L’appello dei 4mila professori universitari italiani a boicottare le istituzioni accademiche israeliane sembra partorito da un tink tank di Hezbollah ma avrebbe messo di buon umore anche Joseph Goebbels.

«Interrompere ogni collaborazione», scrivono gli invasati ai ministri Tajani e Bernini e alla Conferenza dei rettori in un crescendo rossiniano che accusa lo Stato ebraico di «segregazione razziale» e «genocidio» da «oltre 75 anni». Oltre 75 anni vuol dire l’intero arco di vita dello Stato ebraico che nacque, ricordiamolo, in seguito alla risoluzione 181 delle Nazioni Unite e non per arbitrio divino.

Al di là della conoscenza sommaria e parziale – o forse soltanto in malafede - della storia (nel ’48, nel ’67 e nel ’73 Israele è stato attaccato dai paesi arabi confinanti che volevano cancellarlo dalla faccia della Terra), quel che colpisce e avvilisce è il bersaglio individuato dai nostri professori.

Non il governo Netanyahu e la sua destra messianica, non l’industria delle armi e il suo indotto miliardario, non la macchina della propaganda bellica, a finire nel mirino sfocato di questa ciurma farisaica è il mondo della cultura, dello studio, della ricerca, dell’incontro tra idee, ossia uno degli spazi più liberi e pluralisti della società israeliana, naturalmente e storicamente contrapposto al fanatismo dei nazionalisti e da sempre favorevole alla soluzione “due popoli due Stati”.

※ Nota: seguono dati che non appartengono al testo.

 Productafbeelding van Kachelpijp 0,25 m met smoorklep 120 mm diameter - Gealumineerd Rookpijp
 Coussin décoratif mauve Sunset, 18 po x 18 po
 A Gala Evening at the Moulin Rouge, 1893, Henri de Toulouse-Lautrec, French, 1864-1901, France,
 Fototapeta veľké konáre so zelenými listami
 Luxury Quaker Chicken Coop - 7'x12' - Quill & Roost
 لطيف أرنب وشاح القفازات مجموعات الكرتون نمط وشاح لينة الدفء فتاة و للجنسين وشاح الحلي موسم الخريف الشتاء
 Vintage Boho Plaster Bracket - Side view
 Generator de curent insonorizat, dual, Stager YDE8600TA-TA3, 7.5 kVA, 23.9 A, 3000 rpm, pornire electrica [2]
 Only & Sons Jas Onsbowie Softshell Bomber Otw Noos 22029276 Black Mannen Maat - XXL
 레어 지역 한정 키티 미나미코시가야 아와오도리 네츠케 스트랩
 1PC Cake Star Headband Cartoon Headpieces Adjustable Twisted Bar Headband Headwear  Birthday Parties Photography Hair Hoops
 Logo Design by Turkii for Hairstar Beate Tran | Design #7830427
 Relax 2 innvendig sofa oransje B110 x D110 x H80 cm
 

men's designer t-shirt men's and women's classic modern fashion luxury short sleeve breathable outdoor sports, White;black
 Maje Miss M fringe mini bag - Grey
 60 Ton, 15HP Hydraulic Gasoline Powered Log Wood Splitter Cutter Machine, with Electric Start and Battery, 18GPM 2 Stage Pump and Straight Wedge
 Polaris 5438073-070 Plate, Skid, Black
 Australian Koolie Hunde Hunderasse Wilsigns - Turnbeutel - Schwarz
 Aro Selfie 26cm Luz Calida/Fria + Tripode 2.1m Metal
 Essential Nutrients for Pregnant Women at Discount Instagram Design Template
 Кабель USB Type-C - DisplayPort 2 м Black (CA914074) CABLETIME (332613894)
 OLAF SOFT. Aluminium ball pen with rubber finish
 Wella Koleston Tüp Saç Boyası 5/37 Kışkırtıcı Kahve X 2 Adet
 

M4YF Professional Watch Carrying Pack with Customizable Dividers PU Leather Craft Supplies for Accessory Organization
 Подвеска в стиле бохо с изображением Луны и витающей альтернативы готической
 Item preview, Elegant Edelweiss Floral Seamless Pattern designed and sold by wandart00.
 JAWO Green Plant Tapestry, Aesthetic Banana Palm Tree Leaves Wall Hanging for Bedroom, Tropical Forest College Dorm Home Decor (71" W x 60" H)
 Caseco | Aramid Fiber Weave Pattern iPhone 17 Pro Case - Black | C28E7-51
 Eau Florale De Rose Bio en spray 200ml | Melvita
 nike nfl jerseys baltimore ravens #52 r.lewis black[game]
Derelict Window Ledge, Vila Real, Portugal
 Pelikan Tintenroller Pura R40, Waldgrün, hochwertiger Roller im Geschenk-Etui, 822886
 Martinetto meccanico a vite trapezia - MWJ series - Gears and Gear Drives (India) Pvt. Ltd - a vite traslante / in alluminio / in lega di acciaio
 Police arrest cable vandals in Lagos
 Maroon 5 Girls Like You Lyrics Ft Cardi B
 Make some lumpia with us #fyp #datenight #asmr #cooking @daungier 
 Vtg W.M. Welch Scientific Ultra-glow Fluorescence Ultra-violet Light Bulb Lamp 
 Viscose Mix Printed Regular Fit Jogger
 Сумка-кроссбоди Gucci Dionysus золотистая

È nelle aule degli atenei di Tel Aviv, Gerusalemme e Haifa che lo scorso anno è nato il movimento che, per interi mesi, ha contestato nelle piazze il premier e i suoi ministri, manifestando contro la riforma della Corte suprema ma anche contro l’espansione degli insediamenti illegali in Cisgiordania e per i diritti della popolazione palestinese. Cosa c’entrano mai i dipartimenti e le facoltà universitarie israeliane con i bombardamenti sulla Striscia Gaza e con la morte dei civili innocenti? La risposta data da Pierluigi Musarò, professore di Sociologia dei processi culturali e comunicativi presso l’Università di Bologna al Corriere della sera è di quelle che fanno cadere letteralmente le braccia: «I miei colleghi non possono più collaborare con le università di Gaza rase al suolo in queste settimane. Il boicottaggio è uno strumento pacifico, non violento di pressione. Non ne abbiamo altri».

Come spesso accade, chi è accecato dall’ideologia oltre alla ragionevolezza e alla logica smarrisce anche il senso del ridicolo inciampando nei paradossi più fastidiosi; e così i firmatari, prima di lanciare il boicottaggio dei loro colleghi ebrei, ribadiscono quanto per loro sia importante «l’impegno per la libertà di parola e il diritto degli studenti e delle studenti al dibattito». Libertà di parola sì, ma non per gli universitari israeliani, meritevoli di isolamento come degli appestati che capolavoro di ipocrisia!

Altri docenti italiani hanno provato a lanciare un contro-appello in cui accusano i boicottatori di «pregiudizio antisemita», e soprattutto di «non rappresentare il pensiero di tutti gli accademici». Questo è sicuro, ma le adesioni al contro-appello sono state fino ad ora decisamente meno numerose, confermando che nelle nostre università abbiamo un problema grande come una casa.